What words can you share with those embracing the most painful moment of their lives? Is there any right words to offer? Any precise Bible verse or poem that would erase the pain and the sense of loss when a loved one passes? Many of us try to offer something to give hope, to comfort or to fill in that awkward silence when we come to meet the grieving face to face. It might end up being awkward, or unbeknownst hurtful to those that are deeply missing the one they loved.

I have heard many of these hurtful phrases myself as well as from the grieving, the group of people whom I have found myself recently aiding through their grief as a volunteer grief counselor. What always happens as they share what people have said that hurt them, was their appreciation that at least someone would approach them and offer something. Their deepest hurts came from those who they thought would have come forward to share a word, were surprisingly silent. The silence hurt more, than the awkward phrases.

I find myself here in this place now over the passing of a newborn within our extended family. My head cannot grasp any meaning that I can offer to say or to write to the young couple. In this modern age of AI and medical advancements, how is this possible? But, I stop myself from considering all the possibilities and sensibilities of how and why God has allowed this, to the realization; I just don’t know. And I can be okay with not knowing, and I can be okay with just offering an “I sorry” to the couple. I am grieving and sad, as is the whole extended family, as someone we never met in person as we live apart from the couple, has brought us grief and affected our lives by his very existence. He was and is created in the image of God, the Imago Dei. He took a breath and met his mom and dad, grandparents, brother, and his cousin, all who were able to hold him and see him as a reflection of both his parents. His life was brief, but he was loved, named and precious as all babies are, yet his life was too short.

So much happens in this life, both good, and bad, joyful and sad, that are lives seem to be a continuous rollercoaster ride of emotions. There is also so much we do not and will not understand this side of Heaven. When we try to make sense of all this, we can find it impossible to find peace, but only when we surrender our needing to know and replacing it with not knowing, we find the peace we look for. When we simply trust God, we can find peace. Trust isn’t always easy, especially when are hearts are breaking and our minds are reeling, but simply speaking out loud to God and telling Him “I don’t understand this, my heart is breaking, but yet I will trust you”

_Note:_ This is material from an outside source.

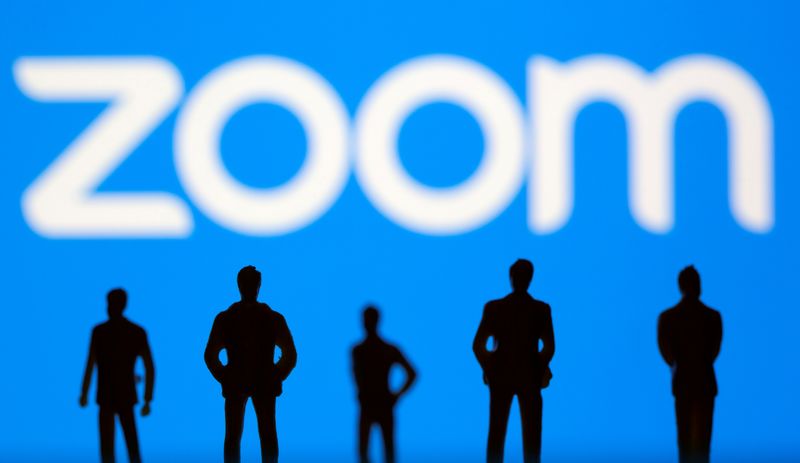 FILE PHOTO: Illustration picture of Zoom logo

A verse comes to mind from the Gospel of Mark, from a distraught father who asked Jesus to heal his son and Jesus told him everything was possible if you believe. The father’s response “I do believe; help me overcome my unbelief” (Mark 9:24 NIV). There are many times when I need to repeat this, I Do belief Jesus, but help my unbelief. He gets it. He understands. He wept over His friend Lazarus’ death. He wept over the city of Jerusalem. He became one of us and felt the pain we feel. We can trust Him with our pain and our grief, even when there are no words. He knows our pain and offers comfort beyond any words we can offer to others, or receive from others. He is the peace we seek. God Bless- Nancy

Just Breathe

” Be still, and know that I am God”- Psalm 46:10- These words often remind me of my need to be still, to pause. To stop my anxious thoughts in their tracks, rest my mind and my soul and just be still.

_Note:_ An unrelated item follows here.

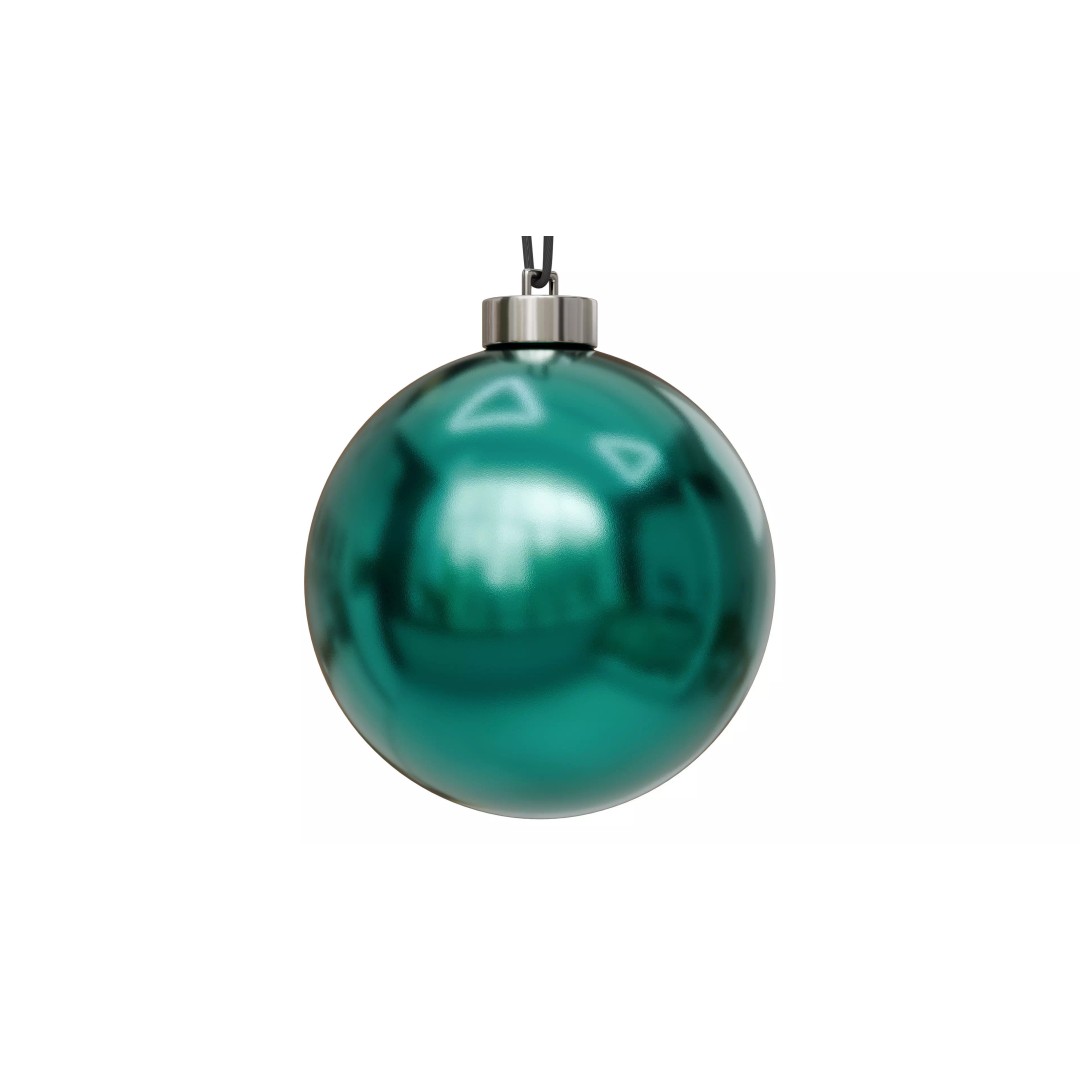 Christmas Ball 3D Model – Low Poly Ornament Collection, FBX, OBJ - View 14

Many exercise routines I’ve watched- notice I said watch- always remind the participant to remember to breathe. Why? It is because we get focused on what we are supposed to do, and forget to slow down and breathe. It is particularly important in exercise as it provides oxygen to the muscles so that they might perform better.

Of course we will all remember to breathe eventually, or we would pass out, but I admit I do need the reminder to stop and be more conscious of my breathing. But have you ever had life throw you an immense curve ball? Something that takes your literal breath away. I have recently with my Dad’s passing. I was blindsided by the news as I went about my daily routine. It was sudden. Instantaneous. Not expected. In a flash my Dad had died. Without a time for goodbyes. It took my breath away, and as I processed my sister in law phonically, I found my self struggling to catch my breath. But I knew just like with exercise, I needed someone to remind me to breathe, so I called my daughter and had her talk to me so I could remember to slow my breathing.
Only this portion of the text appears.